Supplied records
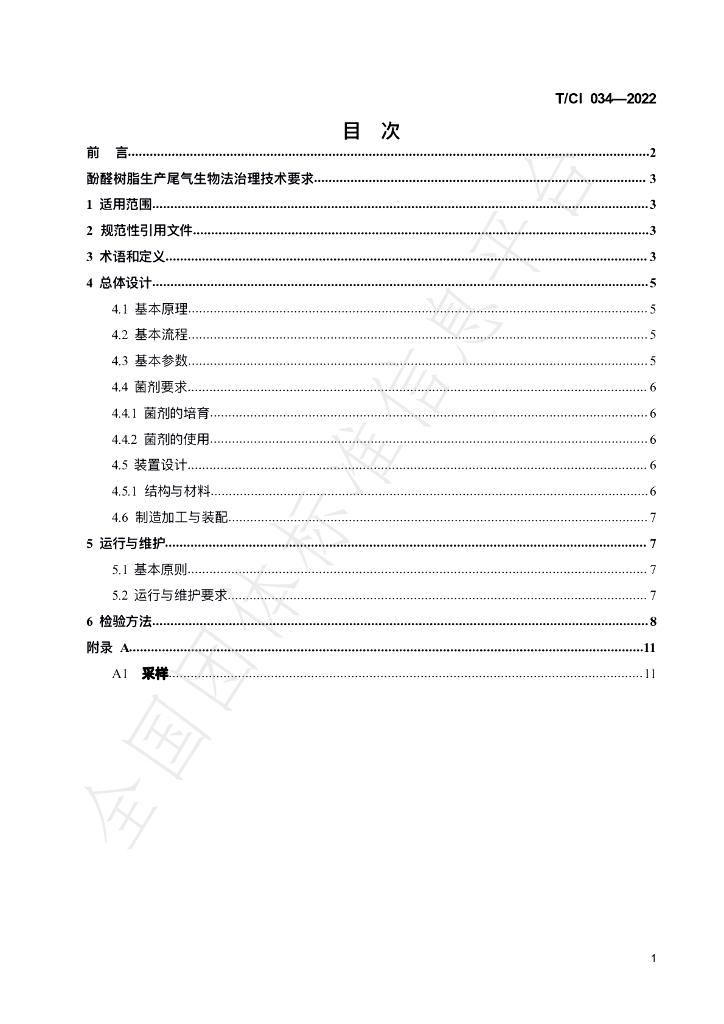 T/CI 034-2022 标准预览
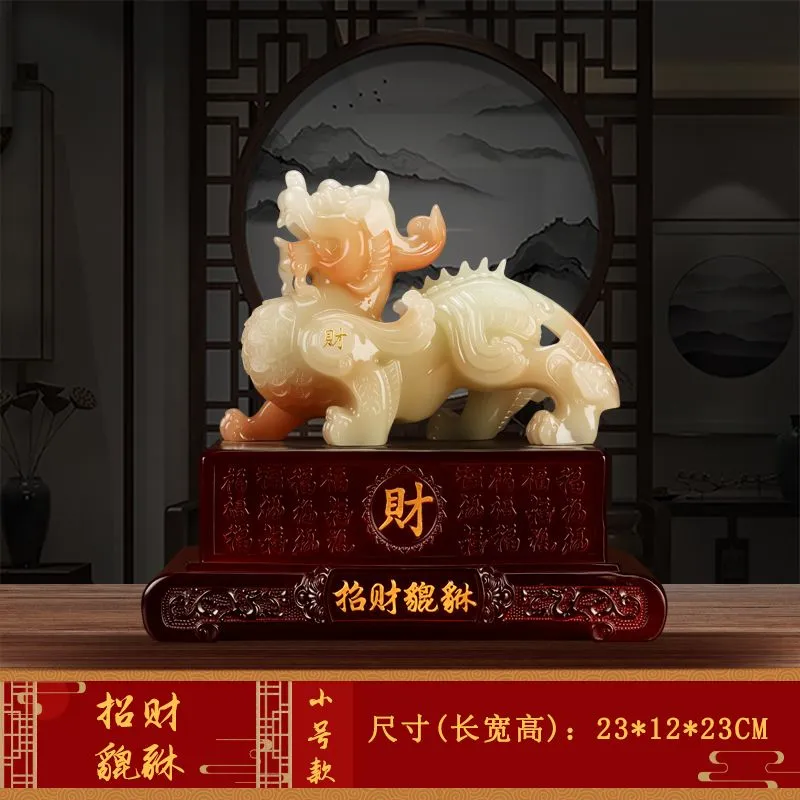 貔貅（一对）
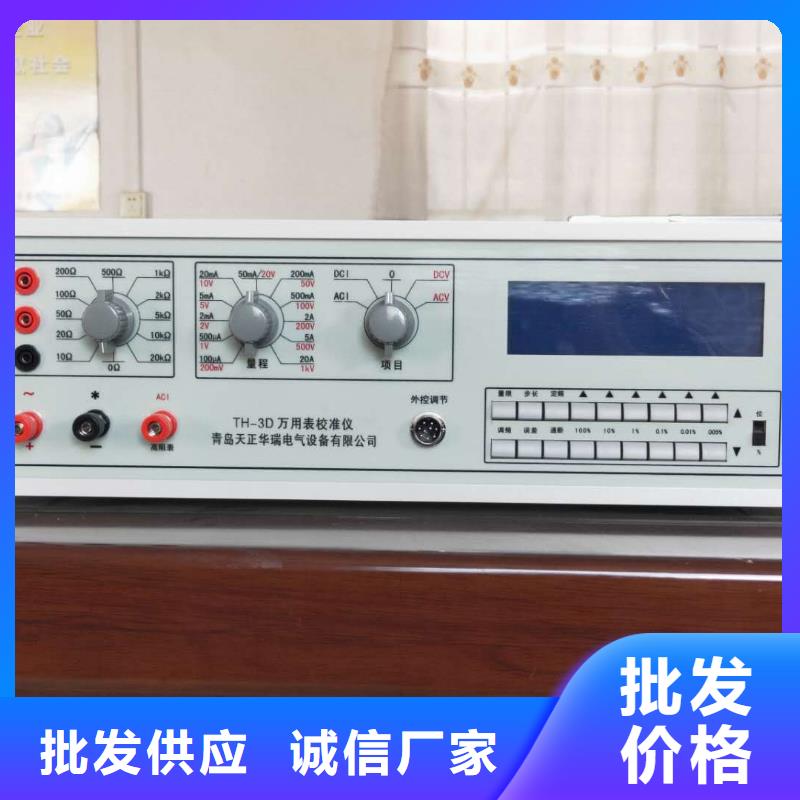三相标准功率源大电流发生器专业生产制造厂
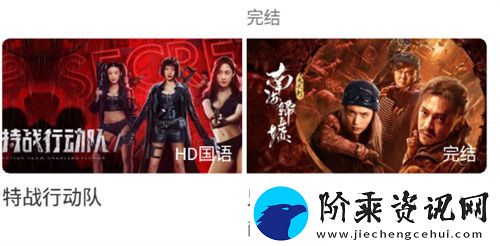 木兰影院app下载追剧免费版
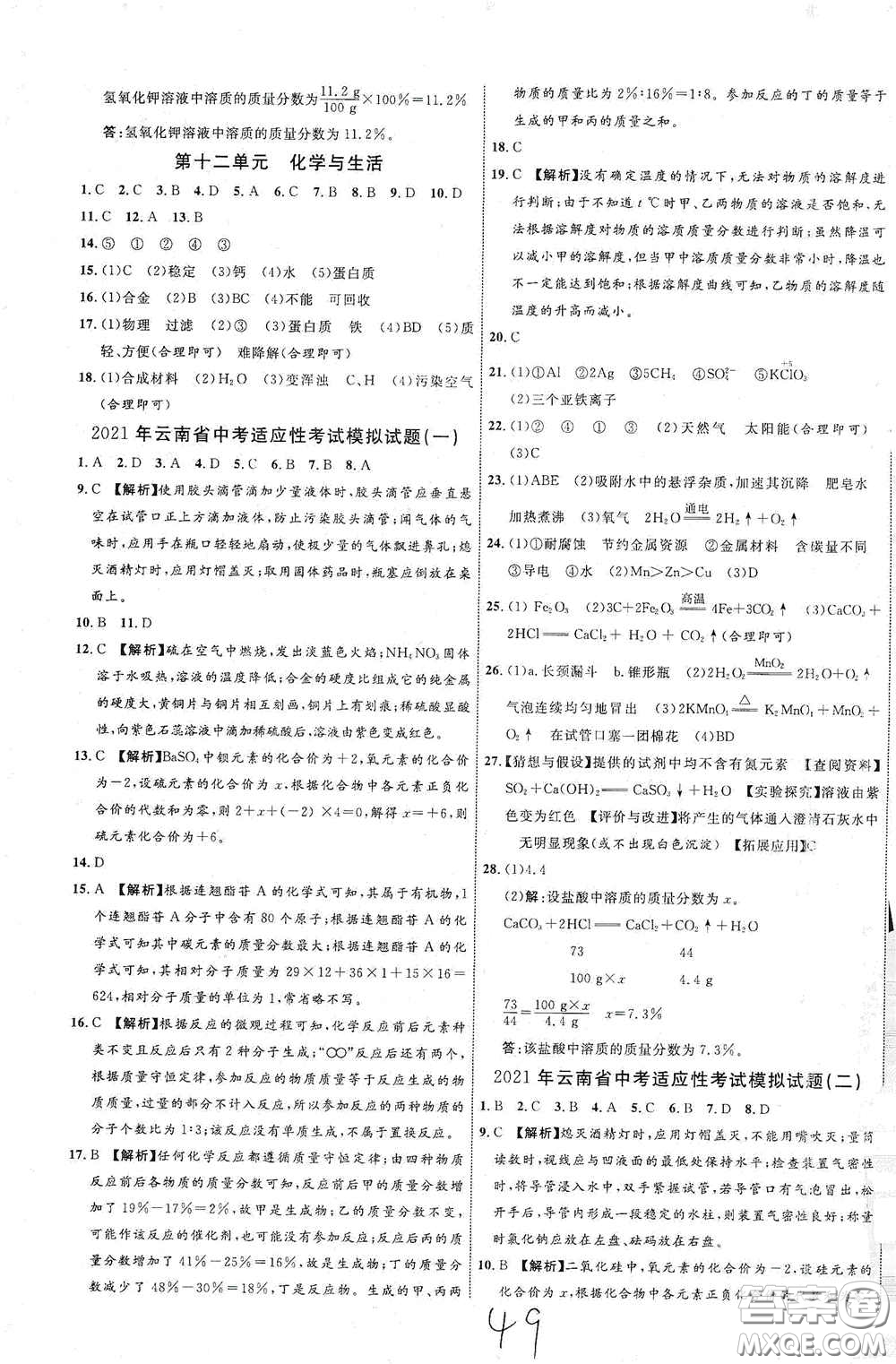 2021云南中考新突破課后作業(yè)2021升級(jí)版化學(xué)答案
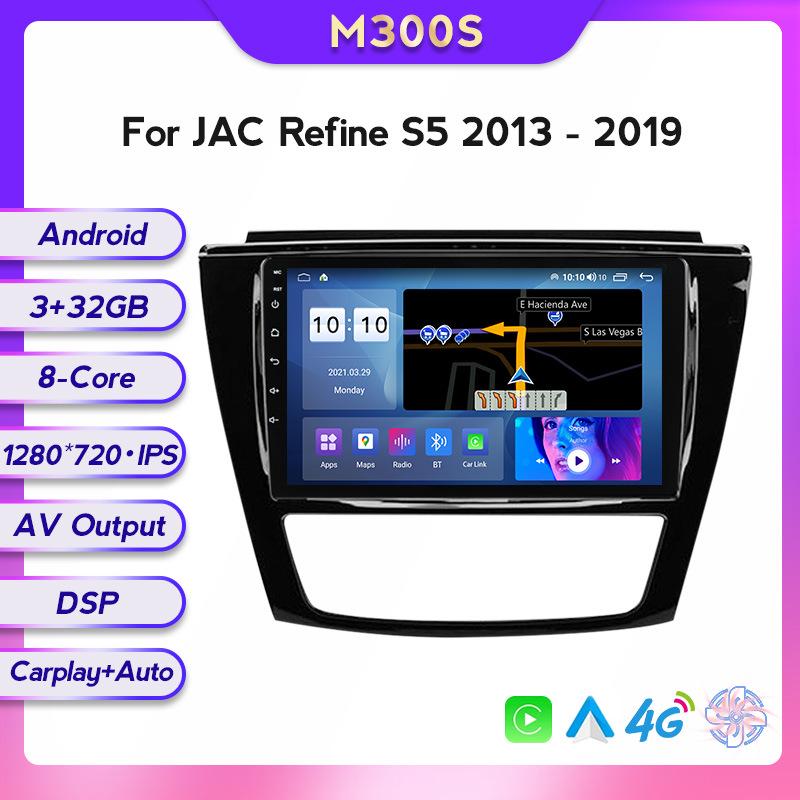 Compatible with JAC Refine S5 (2013-2019) GPS Navigation Wireless CarPlay.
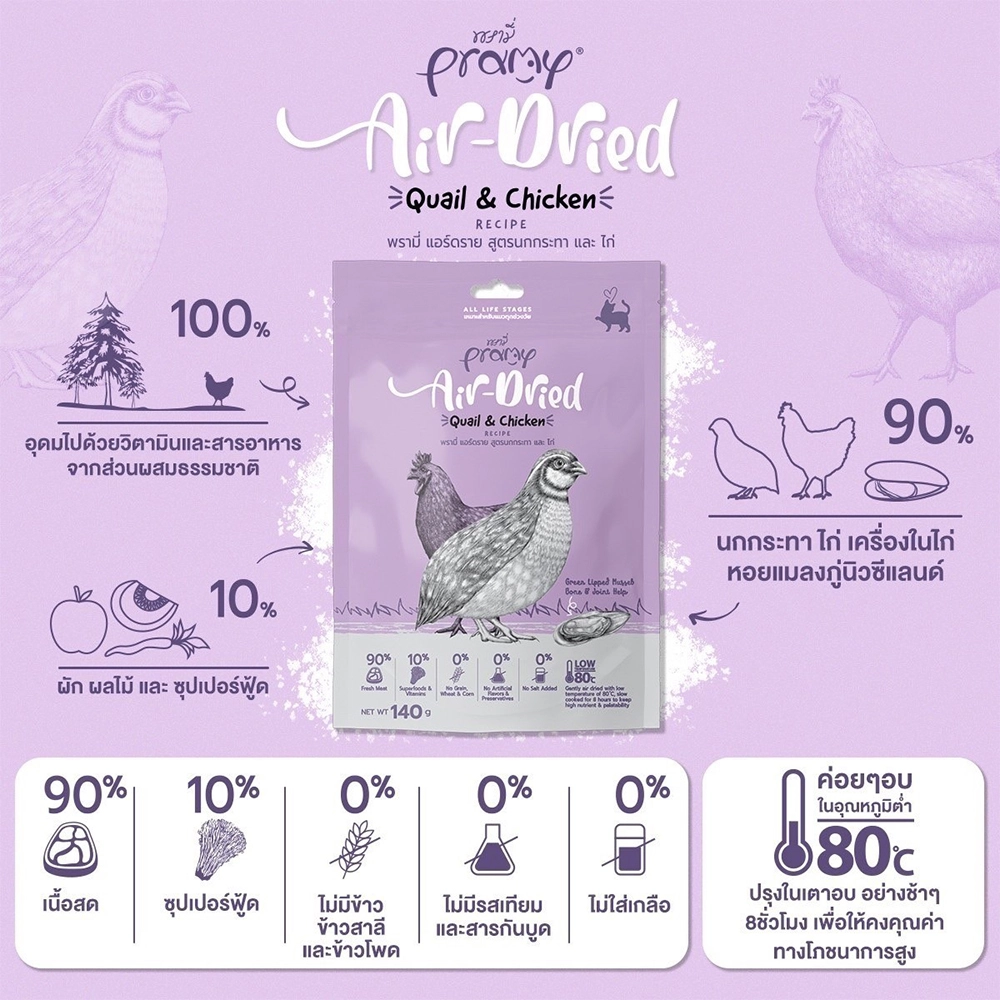 Pramy Air Dried ขนมแมวฟรีซดราย สำหรับแมวทุกสายพันธุ์ทุกช่วงวัย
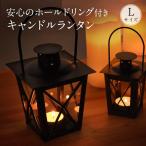キャンドルランタン Lサイズ ブラック パティオランタン ランプ ライト カメヤマキャンドル キャンドルホルダー レトロ 照明 間接照明 アウトドア IT313L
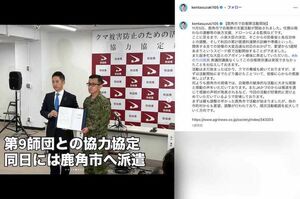 クマ被害を受けて自衛隊の活動開始を報告した秋田県の鈴木健太知事（本人のインスタグラムより）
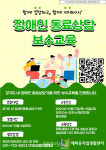 해피유자립생활센터, 장애인 동료상담 보수교육 모집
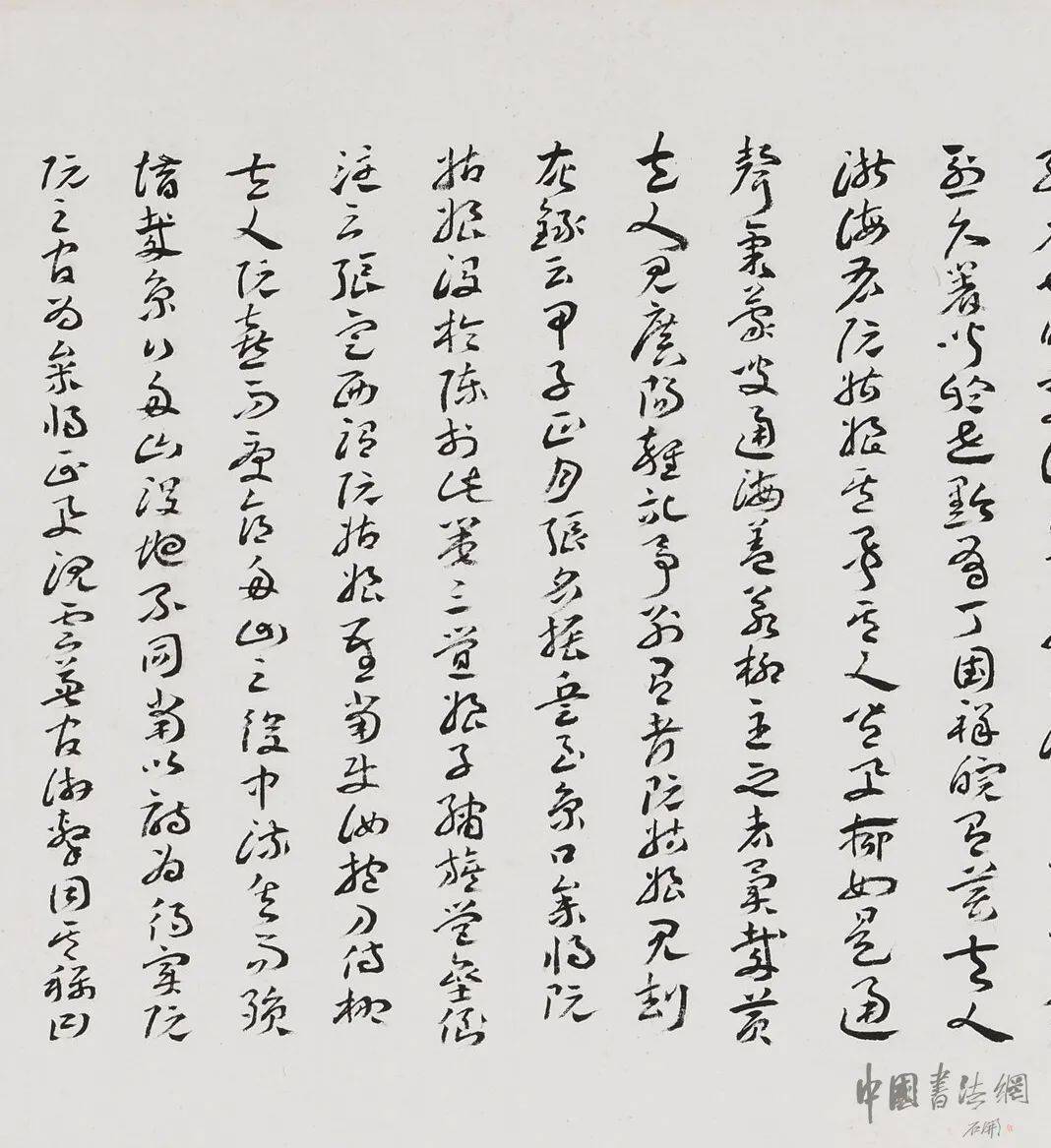 名家墨迹 | 王蘧常 草书沈曾植《投笔集》跋_陈寅恪_中国_章草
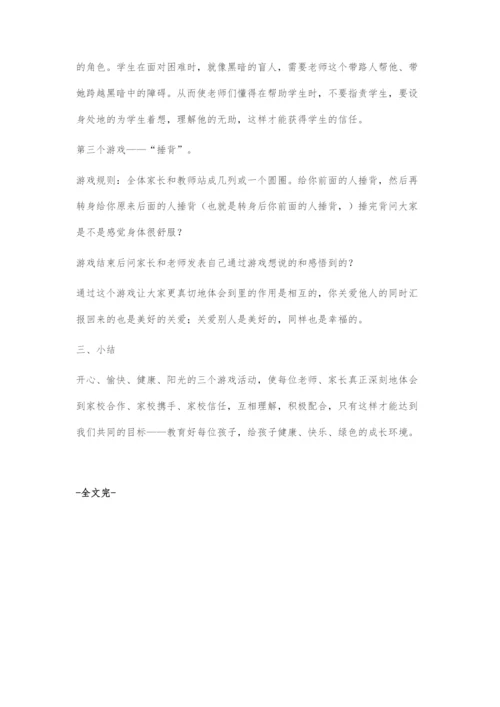 《家校携手-同心协力-共筑孩子美好明天》教学设计.docx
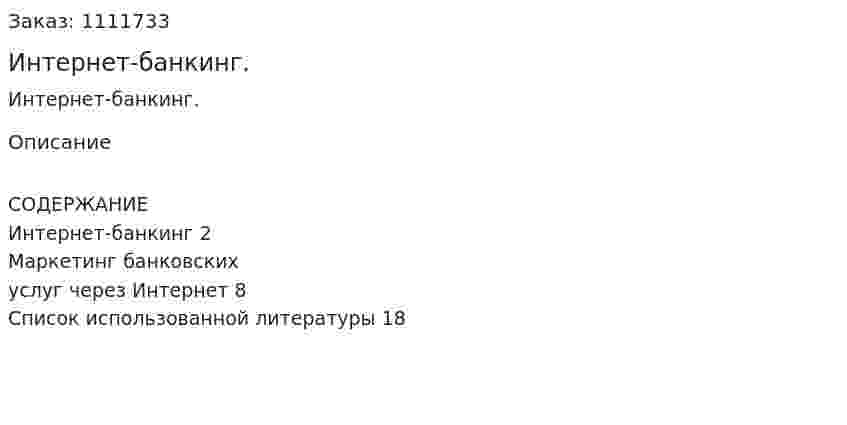 Интернет-банкинг. (реферат)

Aim of the task
Restate the listing above word for word and skip each picture.

Answer box
 T/CI 034-2022 标准预览
 貔貅（一对）
三相标准功率源大电流发生器专业生产制造厂
 木兰影院app下载追剧免费版
 2021云南中考新突破課后作業(yè)2021升級(jí)版化學(xué)答案
 Compatible with JAC Refine S5 (2013-2019) GPS Navigation Wireless CarPlay.
 Pramy Air Dried ขนมแมวฟรีซดราย สำหรับแมวทุกสายพันธุ์ทุกช่วงวัย
キャンドルランタン Lサイズ ブラック パティオランタン ランプ ライト カメヤマキャンドル キャンドルホルダー レトロ 照明 間接照明 アウトドア IT313L
 クマ被害を受けて自衛隊の活動開始を報告した秋田県の鈴木健太知事（本人のインスタグラムより）
 해피유자립생활센터, 장애인 동료상담 보수교육 모집
 名家墨迹 | 王蘧常 草书沈曾植《投笔集》跋_陈寅恪_中国_章草
 《家校携手-同心协力-共筑孩子美好明天》教学设计.docx
 Интернет-банкинг. (реферат)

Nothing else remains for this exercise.